# Forum Learning Russian Language Pronunciation, Speech & Accent  Do Russians like American accents in spoken Russian?

## yswaq

As long as the person pronounces everything correctly and has a good understanding of the rhythm but still sounds American? I know there are lots of different accents, but it doesn't matter to me which one...has a Russian speaker ever complimented your American accent or or are you Russian and have liked the way an American sounds in spoken Russian? Or js it just plain funny no matter how well Russian is being spoken? This is a question out of curiosity.

----------


## Doomer

Never heard American accent yet. Looking forward  :: 
Nobody complimented my Russian accent but some people make fun of my "h" pronunciation  ::

----------


## it-ogo

> As long as the person pronounces everything correctly and has a good understanding of the rhythm but still sounds American?
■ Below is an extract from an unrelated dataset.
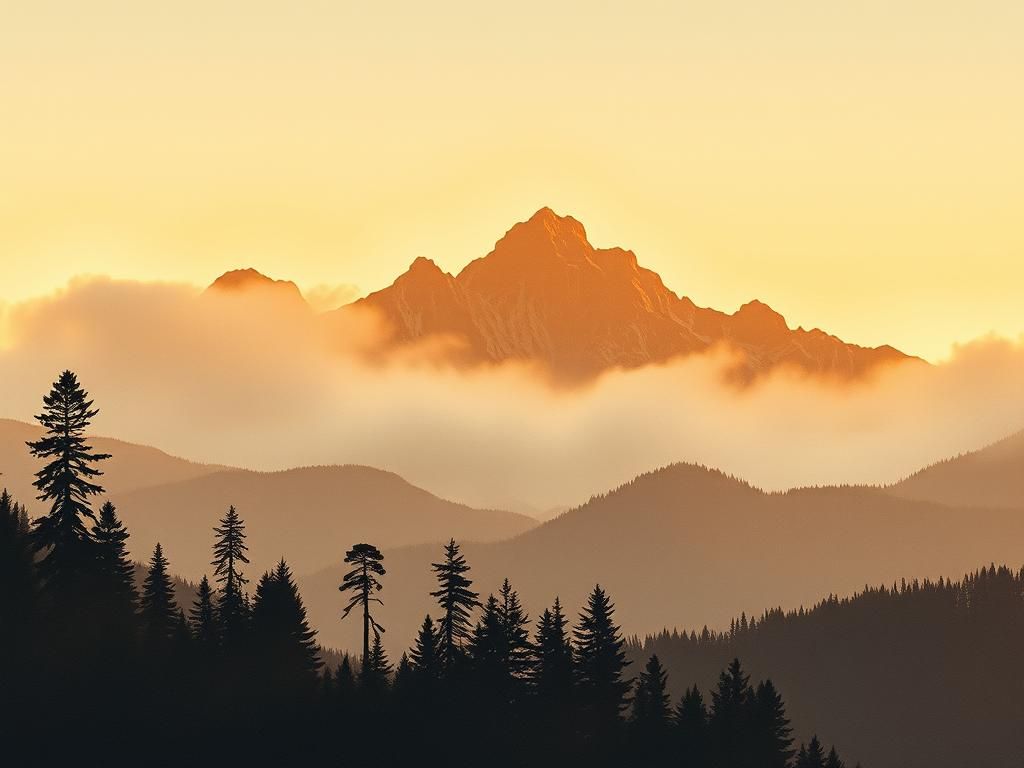 Mountain Landscape at Dusk in Watercolor Style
 American speaking Russian is quite rare phenomenon.  American speaking grammatically correct Russian is very-very rare phenomenon. So I can say more or less what is heavy American accent in Russian but have no idea what is light American accent. 
As for me, the very sound of (heavy) American accent do not make any special emotions.  
Of course, if a person pronounces learned phrases without understanding meanings of separate words (parrot speech, like in Hollywood movies), that is hardly comprehensible and sounds both extremely weird and funny.

----------


## xdns

In the 2nd season of Russian sitcom "Interns" (resembling "Scrubs" with a few "House MD" references, but not a remake) new character was introduced - Phil Richards, an intern from the United States. He speaks fluent Russian with slight American accent.

----------


## xdns

The actor is Odin Lund Biron, an American who graduated from the Moscow Art Theatre School.
I think his accent sounds cute (and a little bit funny, of course - in a way every foreign accent is).
Here is a short documentary about him:    
His Russian is very impressive for a person who studied it for just 5 years!

----------


## Valda

" just 5 years" ? *JUST* 5 YEARS?!? 
Oh god, it never ends does it?  
....Кста́ти, вот круто́й америка́нский акце́нт из телепрограмма  http://www.youtube.com/watch?v=oK84N...4&feature=plcp 
At about 0:15 they start talking 
они́ перестара́юсь с акце́нтом по-мо́ему  :P 
-Valda

----------


## xdns

> " just 5 years" ? *JUST* 5 YEARS?!? 
> Oh god, it never ends does it?

 After just 5 years he performs on the stage of one of the top Moscow theaters ("Satirikon") and stars in Russian sitcom.
It's *REALLY* impressive.   

> ....Кста́ти, вот круто́й америка́нский акце́нт из телепрограммы  Helloween WITH ENGLISH SUBTITLES - YouTube 
> At about 0:15 they start talking 
> они́ перестара́лись с акце́нтом, по-мо́ему  :P 
> -Valda

 Yes, somewhat, because it's a parody on American accent (done by Russians).

----------


## Lampada

> The actor is Odin Lund Biron, an American who graduated from the Moscow Art Theatre School.
> I think his accent sounds cute (and a little bit funny, of course - in a way every foreign accent is).
> Here is a short documentary about him:
> ...
> His Russian is very impressive for a person who studied it for just 5 years!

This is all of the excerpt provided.